- _Exercise prompt_
Set down the data below from its first line to the line holding "2194 Pinnacle Circle N Palm Harbor FL 34684", inclusive; omit all pictures.

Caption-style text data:
══════════
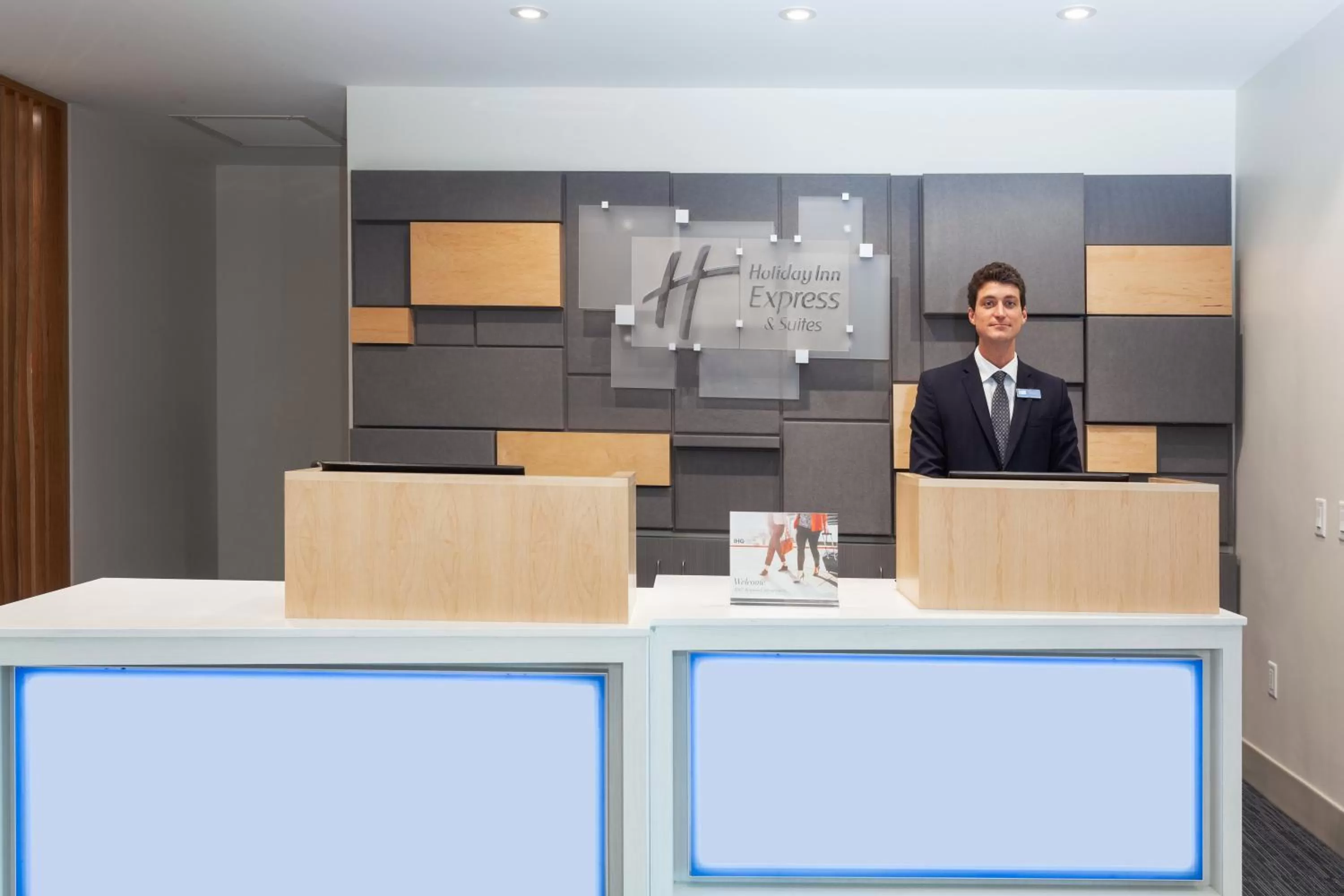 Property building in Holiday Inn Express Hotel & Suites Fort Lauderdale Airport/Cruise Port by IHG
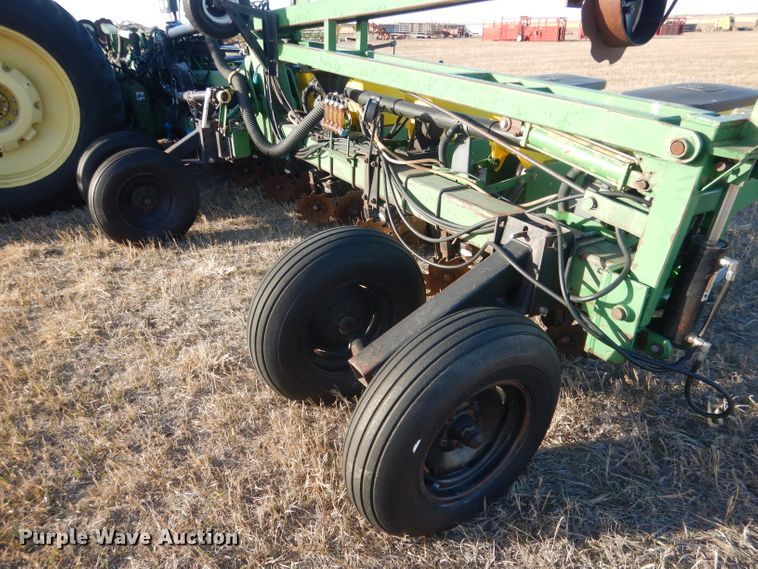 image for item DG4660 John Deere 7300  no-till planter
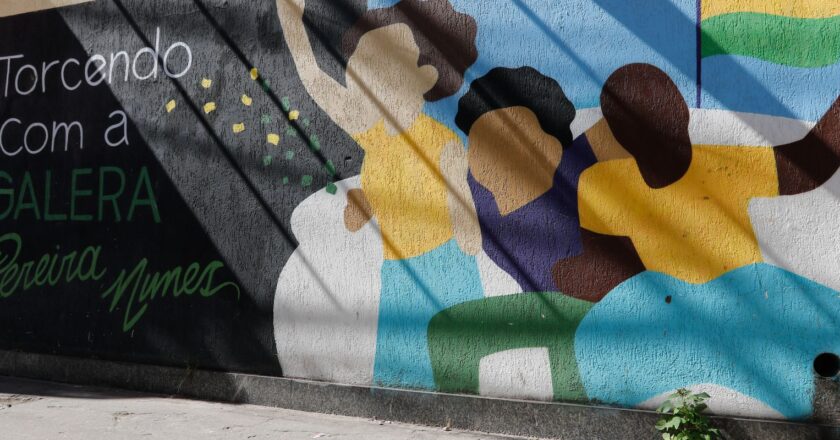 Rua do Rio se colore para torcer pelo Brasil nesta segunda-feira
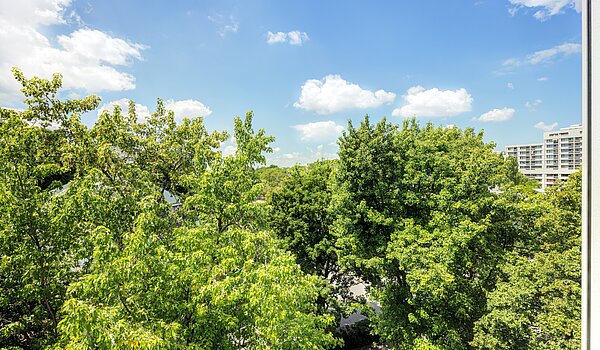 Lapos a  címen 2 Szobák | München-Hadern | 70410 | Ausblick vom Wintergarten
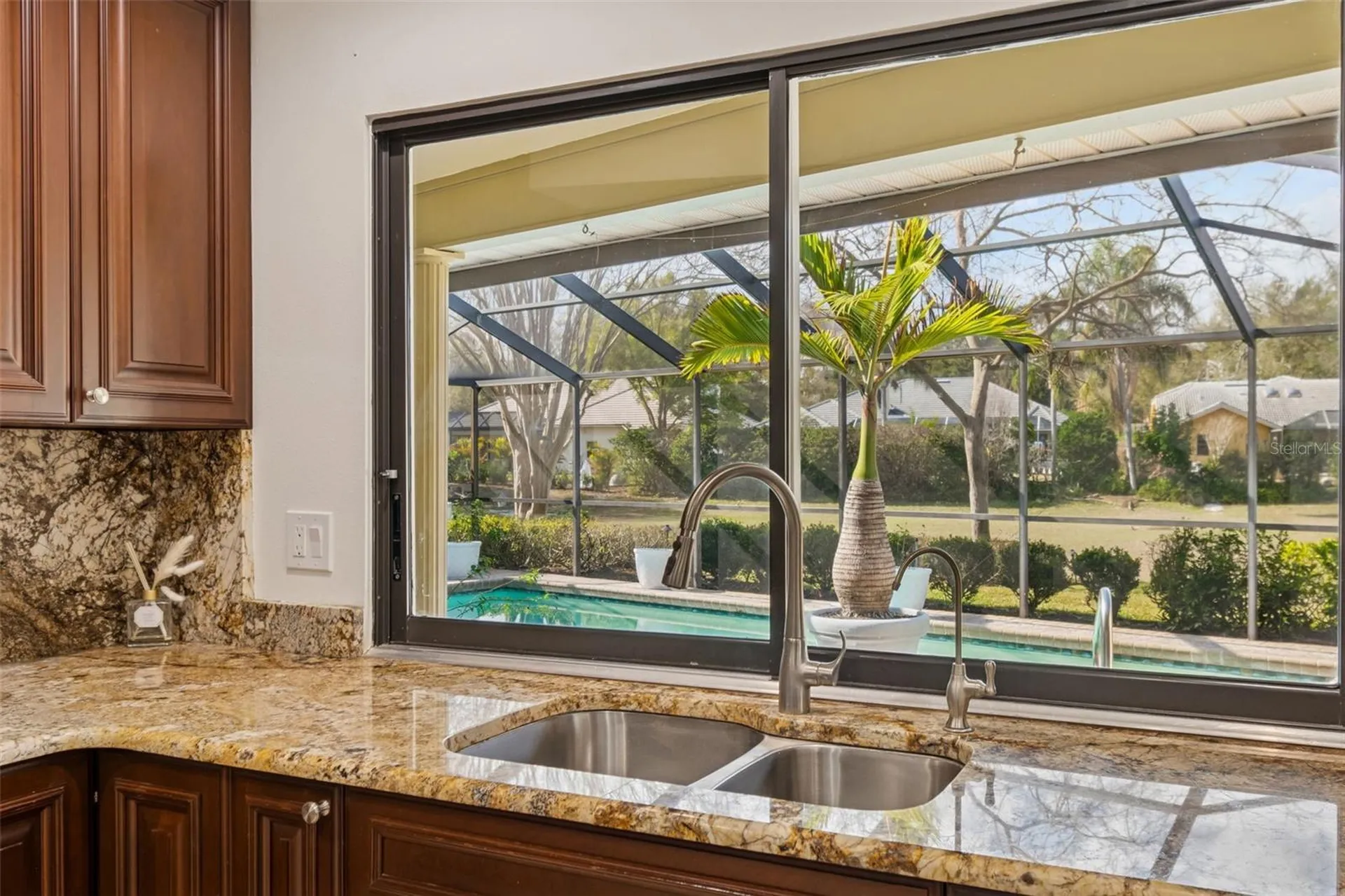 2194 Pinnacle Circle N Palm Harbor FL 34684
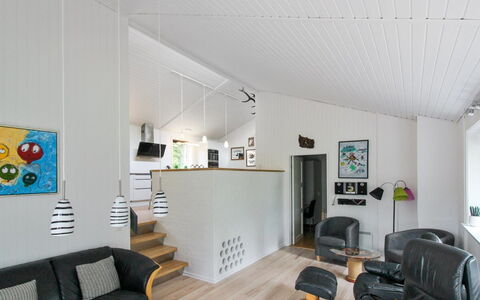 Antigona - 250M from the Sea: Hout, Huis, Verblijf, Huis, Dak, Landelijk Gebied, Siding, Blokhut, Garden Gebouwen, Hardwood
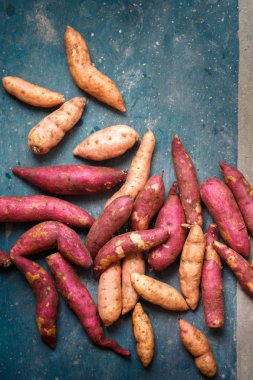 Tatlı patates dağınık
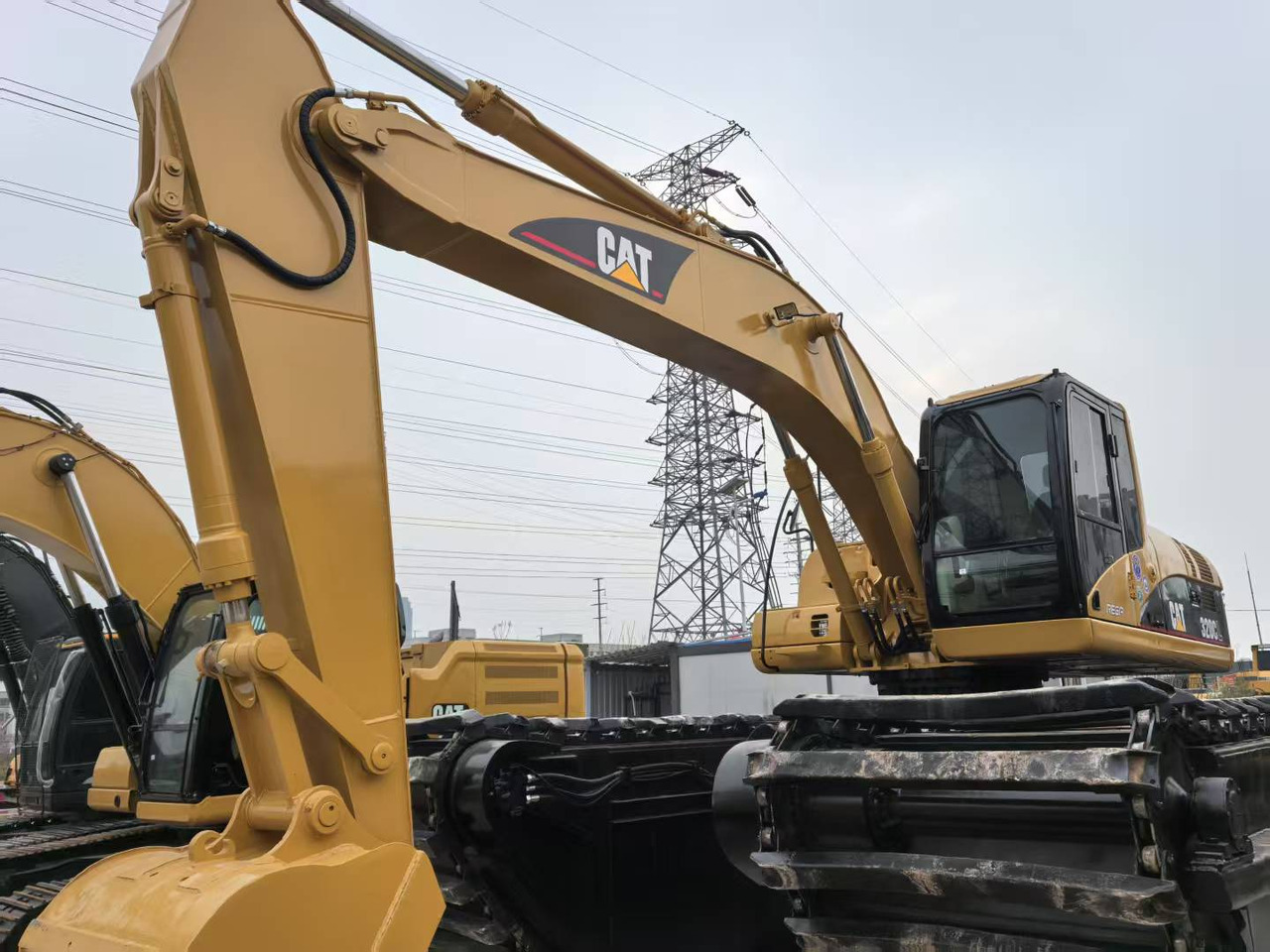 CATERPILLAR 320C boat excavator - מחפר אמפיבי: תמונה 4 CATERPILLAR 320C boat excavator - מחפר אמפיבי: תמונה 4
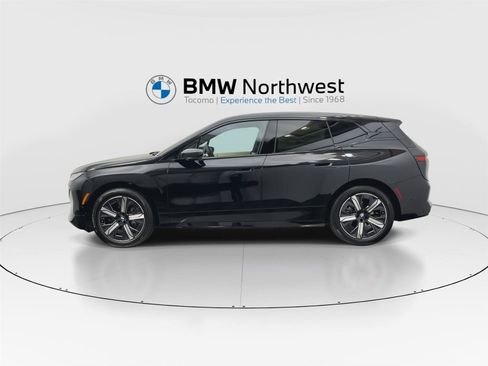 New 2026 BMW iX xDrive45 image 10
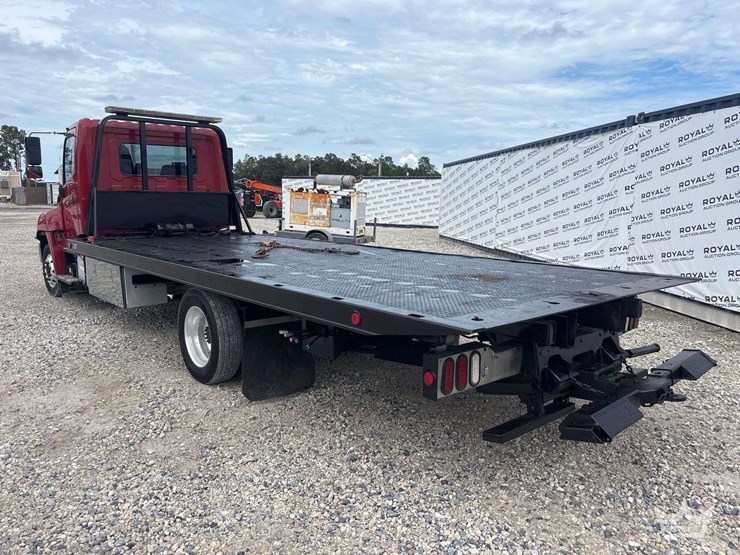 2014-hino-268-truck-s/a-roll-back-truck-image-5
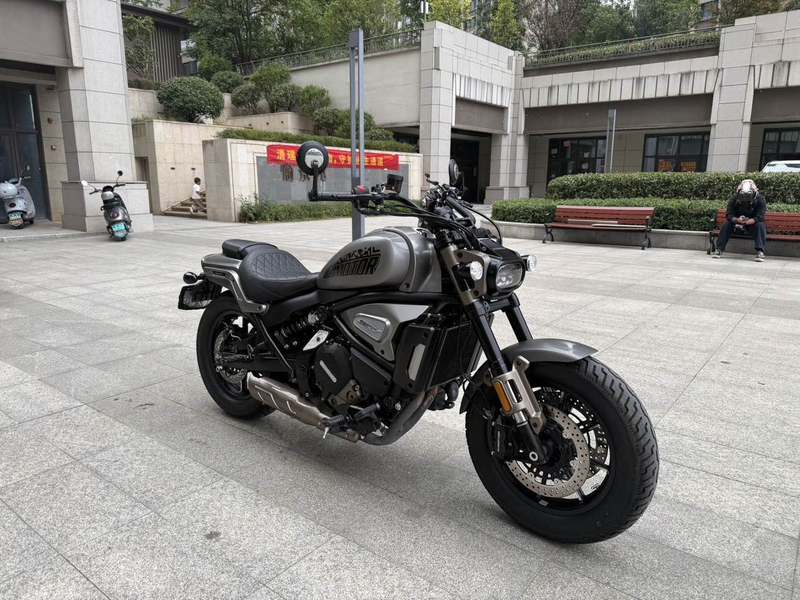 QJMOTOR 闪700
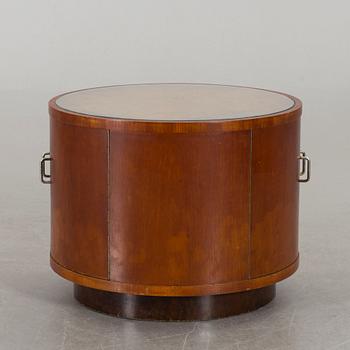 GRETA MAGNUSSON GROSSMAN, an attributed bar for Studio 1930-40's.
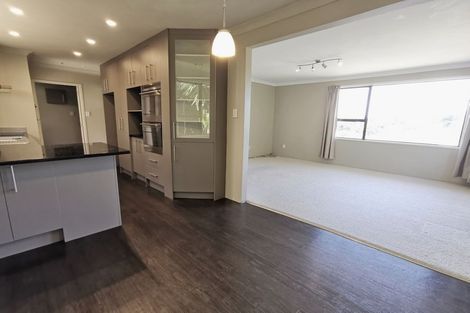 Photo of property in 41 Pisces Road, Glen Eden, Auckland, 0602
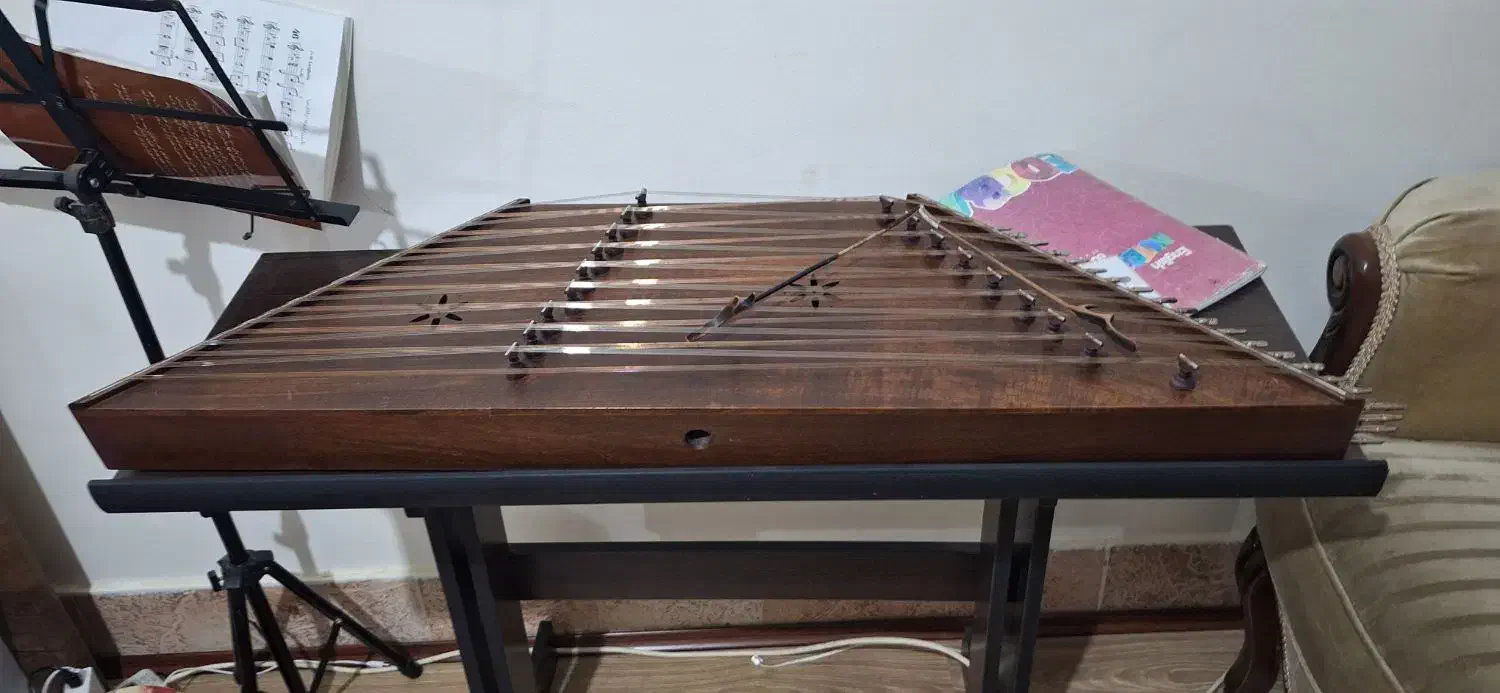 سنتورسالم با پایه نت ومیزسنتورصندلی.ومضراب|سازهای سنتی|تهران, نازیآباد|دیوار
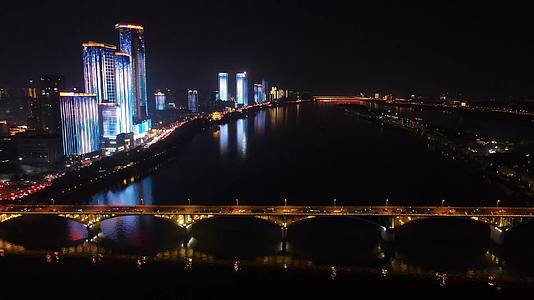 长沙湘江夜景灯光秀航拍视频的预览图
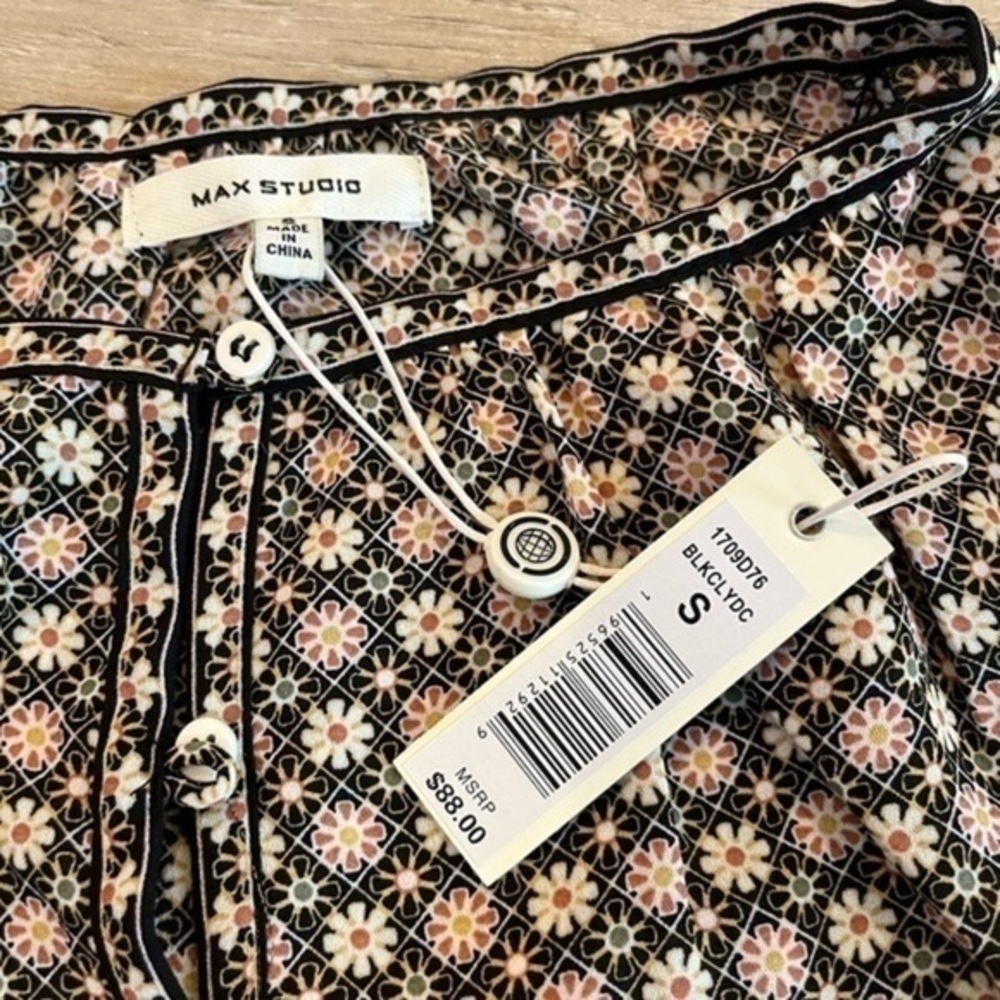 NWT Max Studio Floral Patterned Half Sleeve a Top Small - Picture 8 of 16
══════════
- _Answer space_
 Property building in Holiday Inn Express Hotel & Suites Fort Lauderdale Airport/Cruise Port by IHG
 image for item DG4660 John Deere 7300  no-till planter
 Rua do Rio se colore para torcer pelo Brasil nesta segunda-feira
 Lapos a  címen 2 Szobák | München-Hadern | 70410 | Ausblick vom Wintergarten
 2194 Pinnacle Circle N Palm Harbor FL 34684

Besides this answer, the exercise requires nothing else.